* Dataset *
-=-=-

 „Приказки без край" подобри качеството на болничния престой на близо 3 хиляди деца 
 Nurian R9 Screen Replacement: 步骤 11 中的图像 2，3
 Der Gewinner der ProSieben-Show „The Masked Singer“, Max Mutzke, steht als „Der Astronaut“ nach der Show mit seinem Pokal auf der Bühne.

-=-=-

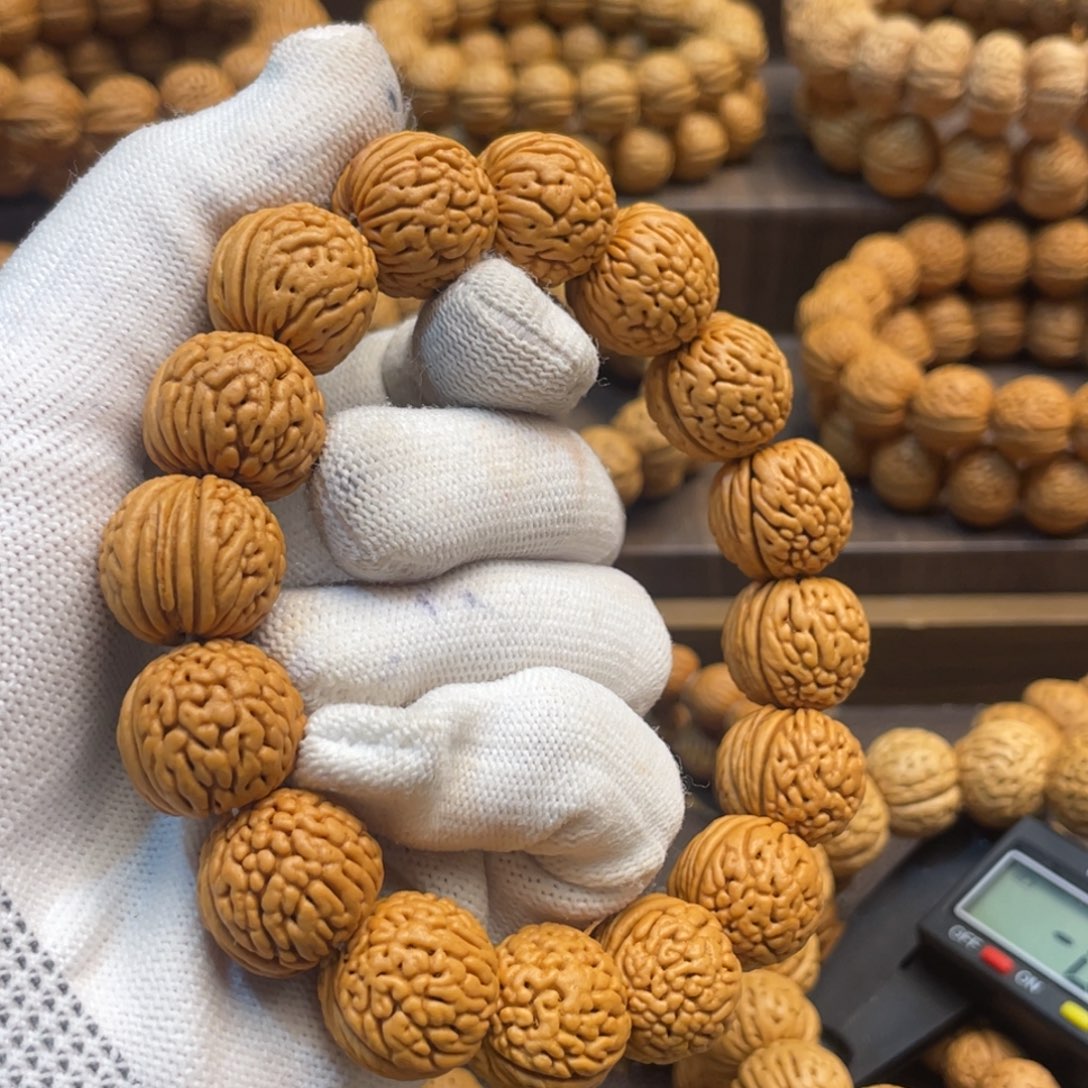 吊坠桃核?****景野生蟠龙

-=-=-

* Your objective *
When the line with "3 хиляди деца" is reached in the data above, begin copying, and stop after the line with "Der Gewinner der"; copy each line exactly, both ends included.

* Reply to the exercise *
 „Приказки без край" подобри качеството на болничния престой на близо 3 хиляди деца 
 Nurian R9 Screen Replacement: 步骤 11 中的图像 2，3
 Der Gewinner der ProSieben-Show „The Masked Singer“, Max Mutzke, steht als „Der Astronaut“ nach der Show mit seinem Pokal auf der Bühne.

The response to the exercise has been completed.